Queer friendships, in art as in life, are often complex. Zak Salih’s debut novel Let’s Get Back to the Party powerfully and broadly explores these friendships—the joys and tensions that exist within them, and the lines between platonic and romantic that can blur to the point of disappearance—celebrating the ways in which they help define us.
Shortly after the 2015 Supreme Court ruling on marriage equality, Sebastian Mote, a high school art history teacher, runs into his childhood friend Oscar Burnham at a wedding. In the decades since they last saw each other, Sebastian has faded from Oscar’s memory, while Oscar still occupies a potent space in Sebastian’s mind. As children, Sebastian’s role as Oscar’s protector defined their closeness—their friendship was a cocoon within which Oscar could forget about his difficult home life and severe father.
Now, at least on the surface, they couldn’t be more different. Oscar, distressed by the new “epidemic” of marriage, sees gay domestication as a death. He is equally affronted by the “colonization” of uniquely queer spaces—gay clubs attracting straight women, the gayborhood now “just another neighborhood.” Endlessly pursuing casual, detached sex as a distraction from everyone around him coupling off and settling down, Oscar is, at first, a frustratingly one-dimensional character. (Aware his friends see him this way, he can’t quite admit they’re right.)
After a chance meeting with Sean Stokes, an older writer whose frank, explicit autobiographical novels of 1970s gay life captivate Oscar, leading to a friendship and correspondence through which Oscar becomes enthralled by what he sees as a distant past where “being queer was still strange.” Sean’s words become manifesto-like truths for Oscar—amidst the tame “storybook love” now ubiquitous, he glamorizes a lost era of risky, rebellious sex, the “grit and grime … the sheer faggotry of it all.”
Meanwhile, a failed “experiment in domesticity” with a now-ex-boyfriend has left Sebastian single, housesitting at his father’s rural northern Virginia home. Unlike outgoing Oscar, Sebastian keeps to himself: avoiding the popular gay dating apps, he spends long afternoons at museums and pores over biographies of the artists he teaches. (One of the most moving and inventive episodes in the novel is an extended section in which Sebastian recalls moments in his boyhood through works of art—Copley, Turner, Pollock—interleaving these memories with the story of a gay student’s suicide at the school where he teaches. Perhaps, he argues, intimacy and artmaking come from the same impulse, that “uncanny, inexplicable compulsion” to reach out to another.)

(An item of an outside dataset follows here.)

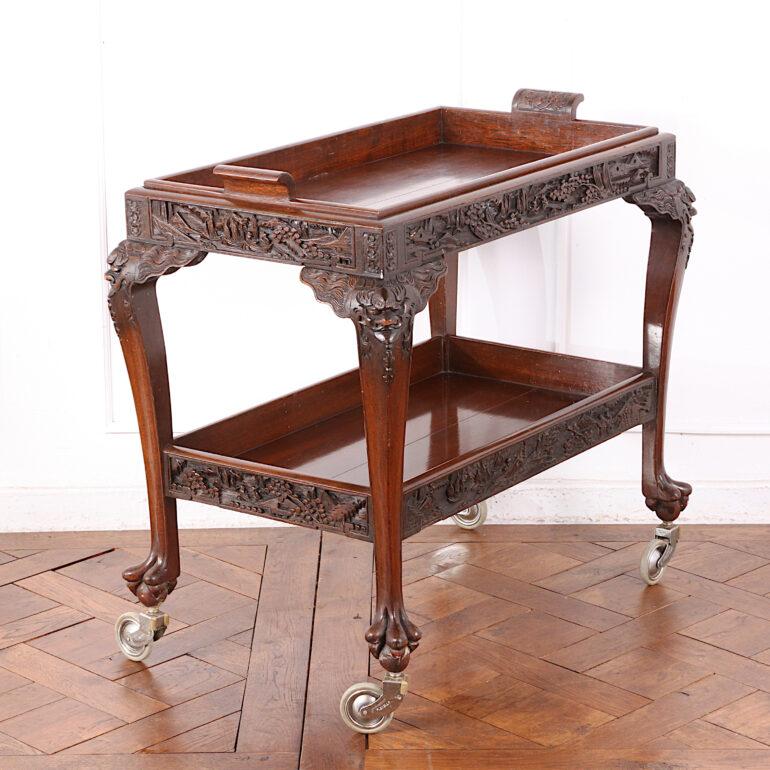 A highly-carved solid teak two-tier Asian trolley with removeable top tray, the elegant cabriole legs embellished with carved faces, the gallery sides of each tier carved with detailed landscapes. C. 1950.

Sebastian takes an interest in the self-assured, magnetic Arthur, a student whose “uncanny confidence” he admires and envies. Like Oscar and Sean, Sebastian and Arthur form something like a friendship, but while Oscar longs for Sean’s past, Sebastian yearns for Arthur’s present. For him, Arthur is a reminder of the desperation and shame of his own adolescence: “[the] boyhood I never had, the warped manhood I was stuck with for the rest of my life. … If I had his life, then I wouldn’t have to have my own.”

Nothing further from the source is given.